Timestamp: 2020-01-20 15:24:44
Document Index: 741504386

Matched Legal Cases: ['§ 157', '§ 157', '§ 157', '§ 157', '§ 157', '§ 227', '§ 227', '§ 227', '§ 809', '§ 809', '§ 809']

Indian Law Bulletins | State Courts | Wingra Redi-Mix INC. v. Burial Sites Preservation Board
2017 WL 3228538
WINGRA REDI-MIX, INC. D/B/A WINGRA STONE COMPANY, PETITIONER-APPELLANT,
BURIAL SITES PRESERVATION BOARD, RESPONDENT-RESPONDENT,
HO-CHUNK NATION, OTHER PARTY-RESPONDENT.
Appeal No. 2014AP2498
Cir. Ct. No. 2013CV1180
APPEAL from an order of the circuit court for Dane County: ELLEN K. BERZ, Judge. Affirmed.
Before Kloppenburg, P.J., Lundsten and Higginbotham, JJ.
This appeal concerns Wisconsin’s Burial Sites Preservation statute, WIS. STAT. § 157.70 (2015-16),1 which requires the Director of the State Historical Society to “identify and record in a catalog burial sites in this state and ... sufficient contiguous land necessary to protect the burial site from disturbance.” Pursuant to § 157.70(2)(a), the Director added Native American effigy mounds referred to as the Ward Mound Group (the Ward Mounds) to the catalog in 1991. In its present condition, the Ward Mounds consist of a full effigy mound of a bird and a partial effigy mound of a canine. The Ward Mounds are on three acres owned by the Wingra Stone Company, formerly known as Wingra Redi-Mix, Inc., which petitioned the Director in 2010 to remove the Ward Mounds from the catalog pursuant to WIS. ADMIN. CODE § HS 2.03(6). Wingra Stone appealed the Director’s decision to the Burial Sites Preservation Board, which affirmed and adopted in whole the Director’s decision, and the circuit court affirmed the Board. Wingra Stone appeals. For the reasons that follow, we affirm the circuit court’s order affirming the Board’s decision.

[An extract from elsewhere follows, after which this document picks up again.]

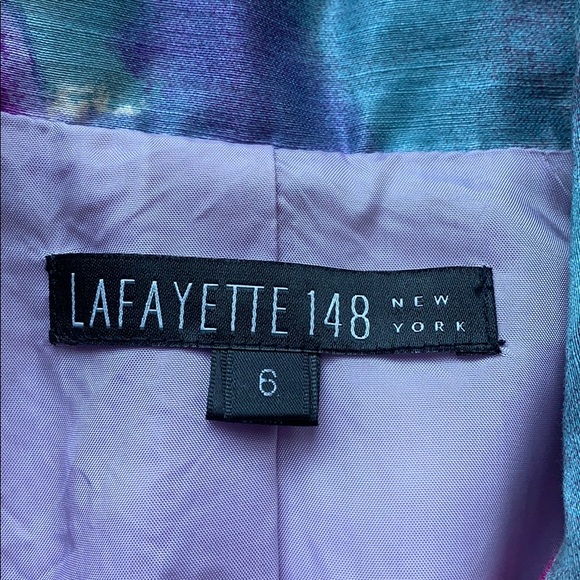 Lafayette 148 Linen & Silk Watercolor Blazer 6 - Picture 3 of 8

In 1914, the Ward Mounds were identified on what is now Wingra Stone’s property. Wingra Stone operates a sand and gravel quarry on that property. The Ward Mounds sit on three acres of that property.

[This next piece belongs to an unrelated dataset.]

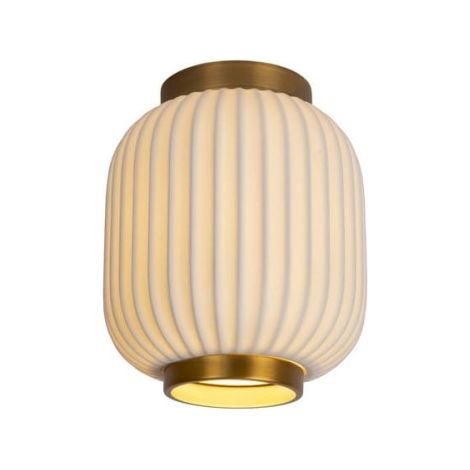 Plafoniera Lucide Gosse porcellana oro/bianco E27 19,5cm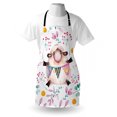 thumbnail image 3 of Modern Apron Watercolor Romantic Design Cartoon Like Sheep and Branches Florals Artful Print, Unisex Kitchen Bib Apron with Adjustable Neck for Cooking Baking Gardening, Multicolor, by Ambesonne, 3 of 3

In 1985, the Wisconsin legislature enacted 1985 Wis. Act 316, creating WIS. STAT. § 157.70, the Burial Sites Preservation statute, which requires the Director of the State Historical Society to “identify and record” known burial sites in a catalog, thereby protecting the sites from disruption. WIS. STAT. § 157.70(2)(a). The Director may add burial sites to the catalog based on physical evidence, historical documentation, oral histories, and other information submitted to the Director. WIS. ADMIN. CODE § HS 2.03(2).

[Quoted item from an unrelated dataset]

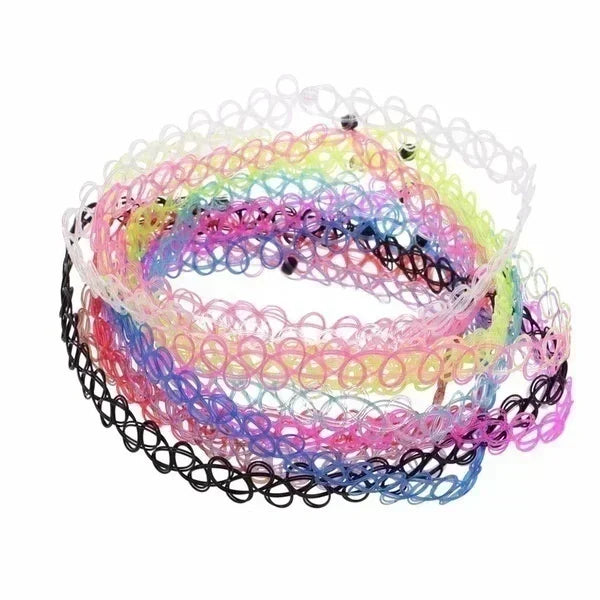 Delysia King 12 Pieces / Set Gothic Punk Elastic Hollow Chocker Women Jewelry Fishline Tattoo Stretch Vintage Necklace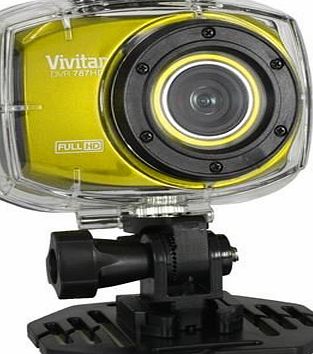 1080p Waterproof Action Camcorder Full HD Vivitar DVR787HD 12.1 Megapixel Digital Camera in Yellow (12.1MP, 4x Zoom, Remote Control Included, 2.4`` Touch Screen, Underwater Casing Tested to 30 Feet)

On April 18, 1990, the Dane County Indian Mounds Identification Project located a bird effigy and a partial canine effigy, referred to here as the Ward Mounds, on Wingra Stone’s property. Project employees then met with the owner of Wingra Stone and informed him of the Ward Mounds and explained the cataloging process. The State Historical Society subsequently surveyed the Ward Mounds and a survey map identified the two mounds as a bird effigy and part of a canine effigy near Wingra Stone’s gravel pit. A note on the survey map indicated that the Ward Mounds were endangered because of Wingra Stone’s sand and gravel mining activities.
The Director of the State Historical Society signed a Notice of Location of Cataloged Burial Site regarding the Ward Mounds in December 1990, recorded the Notice in February 1991, and, pursuant to WIS. STAT. § 157.70(2), mailed a copy of the Notice to Wingra Stone in March 1991. The Notice included a cover letter from the Director, explaining that the Ward Mounds were now included in the Catalog and listing the statutes and regulations that apply to cataloging protected historical burial sites. Wingra Stone did not challenge the cataloging of the Ward Mounds at the time they were cataloged in 1991.
In September 2010, Wingra Stone sent a letter to the Director requesting that the Ward Mounds be removed from the burial sites catalog.2 In that letter, Wingra Stone asserted that “[t]here is no definitive evidence that human remains have been buried in any of the mounds.”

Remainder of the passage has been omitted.